Companies in Portugal predict salary increases in 2023 below inflation – Mercer – Economia
0766%15% of the United States, especially in companies incorporated in the United States, especially in 15% of cases, and in Germany, in 9%.
According to Mercer, the geopolitical context and its impact on the economic level, with the escalation of packaging, has had an impact on companies and companies’ decision making.
“Greater uncertainty in the face of hiring new talent/increase in ‘headcount’, more difficulty in retaining, in general, higher, are all reflections of reflexes”, reads in the account of the changes in the ‘Total Compensation 2022’ study ‘ developed by Mercer.
“The average forecast for salary increases for 2023 is around 2.8%, which translates into a slight increase of 0.5% compared to the forecast in 2021 for 2022 (2.3%)”, reads the statement.

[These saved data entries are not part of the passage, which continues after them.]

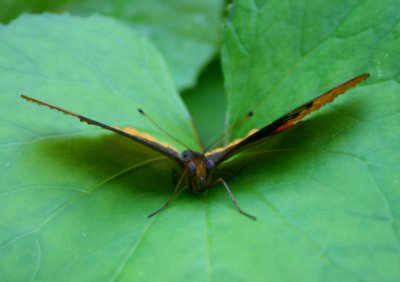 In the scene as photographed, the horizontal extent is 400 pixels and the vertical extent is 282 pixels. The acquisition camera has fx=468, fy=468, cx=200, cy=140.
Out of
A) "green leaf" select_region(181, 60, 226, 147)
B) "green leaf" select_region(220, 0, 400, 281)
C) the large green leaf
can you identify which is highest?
the large green leaf

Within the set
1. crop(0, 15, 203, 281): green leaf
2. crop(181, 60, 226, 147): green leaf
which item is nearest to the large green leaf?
crop(181, 60, 226, 147): green leaf

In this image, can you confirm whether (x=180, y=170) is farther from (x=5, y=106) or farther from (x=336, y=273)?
(x=336, y=273)

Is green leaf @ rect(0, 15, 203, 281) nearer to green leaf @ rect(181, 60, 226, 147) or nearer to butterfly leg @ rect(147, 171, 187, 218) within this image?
butterfly leg @ rect(147, 171, 187, 218)

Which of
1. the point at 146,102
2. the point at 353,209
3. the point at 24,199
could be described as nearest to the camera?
the point at 353,209

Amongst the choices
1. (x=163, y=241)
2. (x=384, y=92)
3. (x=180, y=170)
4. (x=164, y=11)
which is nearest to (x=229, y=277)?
(x=163, y=241)

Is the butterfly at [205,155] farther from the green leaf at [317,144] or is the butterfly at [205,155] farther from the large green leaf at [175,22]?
the large green leaf at [175,22] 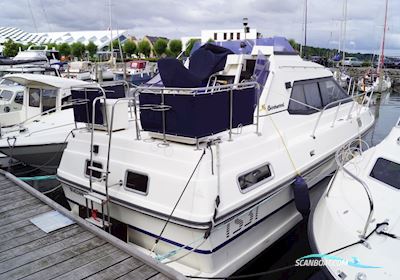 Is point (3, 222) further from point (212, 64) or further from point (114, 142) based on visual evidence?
point (212, 64)

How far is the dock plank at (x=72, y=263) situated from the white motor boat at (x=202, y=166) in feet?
1.70

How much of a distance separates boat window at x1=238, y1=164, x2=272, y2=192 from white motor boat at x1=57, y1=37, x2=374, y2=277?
0.04 ft

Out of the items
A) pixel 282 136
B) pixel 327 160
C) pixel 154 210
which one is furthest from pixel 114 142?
pixel 327 160

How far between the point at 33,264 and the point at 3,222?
129 centimetres

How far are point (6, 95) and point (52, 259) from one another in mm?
8103

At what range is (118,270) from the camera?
11.5 feet

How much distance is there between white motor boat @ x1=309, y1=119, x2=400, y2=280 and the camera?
3.34m

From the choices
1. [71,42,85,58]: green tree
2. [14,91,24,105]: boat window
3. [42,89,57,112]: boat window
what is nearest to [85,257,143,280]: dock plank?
[42,89,57,112]: boat window

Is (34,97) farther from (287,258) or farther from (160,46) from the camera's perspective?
(160,46)

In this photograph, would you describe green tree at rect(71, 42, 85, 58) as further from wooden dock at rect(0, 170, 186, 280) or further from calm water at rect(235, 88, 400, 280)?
calm water at rect(235, 88, 400, 280)

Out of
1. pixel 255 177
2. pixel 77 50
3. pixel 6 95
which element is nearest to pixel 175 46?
pixel 77 50

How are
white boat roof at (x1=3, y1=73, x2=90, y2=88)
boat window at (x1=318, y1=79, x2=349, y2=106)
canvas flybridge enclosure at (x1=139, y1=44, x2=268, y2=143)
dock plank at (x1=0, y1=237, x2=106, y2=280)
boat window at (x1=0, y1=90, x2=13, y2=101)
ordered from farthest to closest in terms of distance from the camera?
boat window at (x1=0, y1=90, x2=13, y2=101) → white boat roof at (x1=3, y1=73, x2=90, y2=88) → boat window at (x1=318, y1=79, x2=349, y2=106) → canvas flybridge enclosure at (x1=139, y1=44, x2=268, y2=143) → dock plank at (x1=0, y1=237, x2=106, y2=280)

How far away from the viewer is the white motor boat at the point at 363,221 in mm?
3344

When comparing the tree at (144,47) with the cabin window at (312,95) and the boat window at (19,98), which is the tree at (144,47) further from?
the cabin window at (312,95)
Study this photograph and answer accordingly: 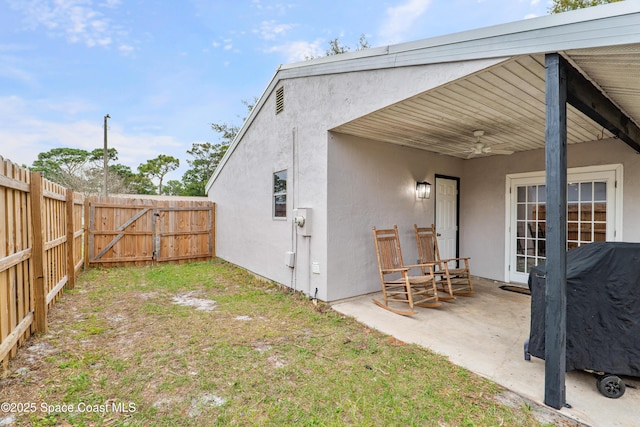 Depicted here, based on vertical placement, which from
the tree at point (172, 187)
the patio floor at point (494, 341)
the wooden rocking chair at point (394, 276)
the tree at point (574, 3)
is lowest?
the patio floor at point (494, 341)

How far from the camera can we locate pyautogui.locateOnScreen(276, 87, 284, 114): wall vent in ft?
18.2

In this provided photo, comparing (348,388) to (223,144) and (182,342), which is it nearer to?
(182,342)

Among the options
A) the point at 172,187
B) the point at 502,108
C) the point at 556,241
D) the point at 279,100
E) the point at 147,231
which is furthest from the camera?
the point at 172,187

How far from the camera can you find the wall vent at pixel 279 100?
18.2 feet

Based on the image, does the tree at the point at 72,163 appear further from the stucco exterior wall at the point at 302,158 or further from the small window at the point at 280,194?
the small window at the point at 280,194

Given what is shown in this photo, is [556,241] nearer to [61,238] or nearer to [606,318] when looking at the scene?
[606,318]

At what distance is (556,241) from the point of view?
6.87 feet

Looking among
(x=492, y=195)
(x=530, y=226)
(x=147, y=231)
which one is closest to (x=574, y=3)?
(x=492, y=195)

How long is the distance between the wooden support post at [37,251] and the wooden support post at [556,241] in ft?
15.5

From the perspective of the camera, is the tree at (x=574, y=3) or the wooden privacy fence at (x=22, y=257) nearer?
the wooden privacy fence at (x=22, y=257)

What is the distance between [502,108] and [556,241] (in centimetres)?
209

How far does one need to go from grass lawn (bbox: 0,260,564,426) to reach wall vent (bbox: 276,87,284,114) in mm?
3549

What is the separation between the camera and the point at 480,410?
2104mm

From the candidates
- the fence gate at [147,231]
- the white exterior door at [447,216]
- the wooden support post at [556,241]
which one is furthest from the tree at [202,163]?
the wooden support post at [556,241] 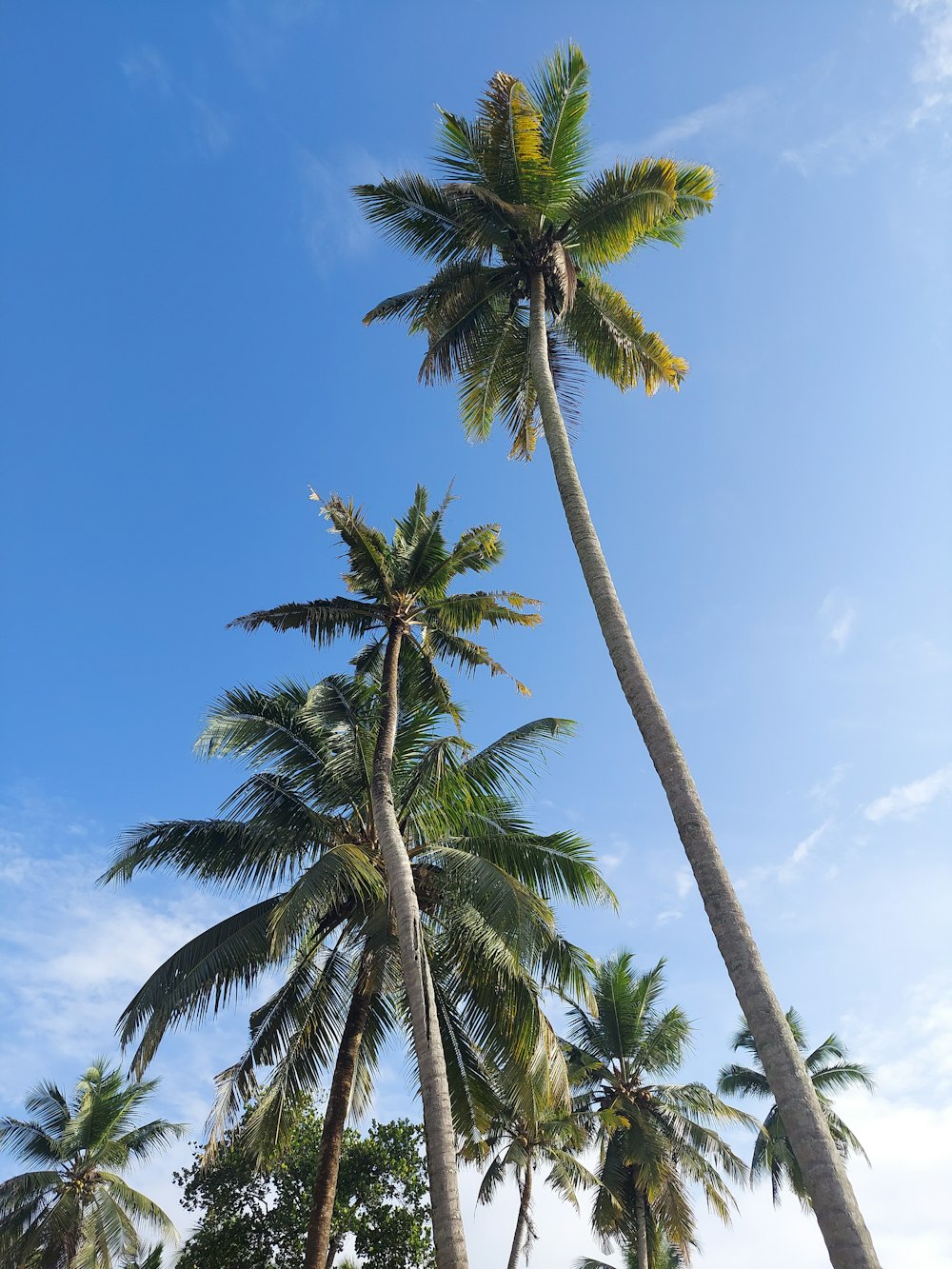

Or, “in a way of looking at one, it is insufficient to accompany an escalation of increase, and the increase in purchasing power for employees can be improved”, says Tiago Borges, ‘career business leader’ Mercer Portugal, cited in no press release. .
“No scenario of adaptation of shorter inflation rates, the issue of responding to the levels of increase in Portugal will certainly be a challenge for companies”, he adds.
No longer with regard to hiring, it presents “a scenario where around 43% of the companies hired will increase their number of employees this year, but only 31% assume, for now, to maintain this growth for 2023”, he says, for his part. time, quoted in the press release, Marta Dias, ‘rewards leader’ of Mercer Portugal.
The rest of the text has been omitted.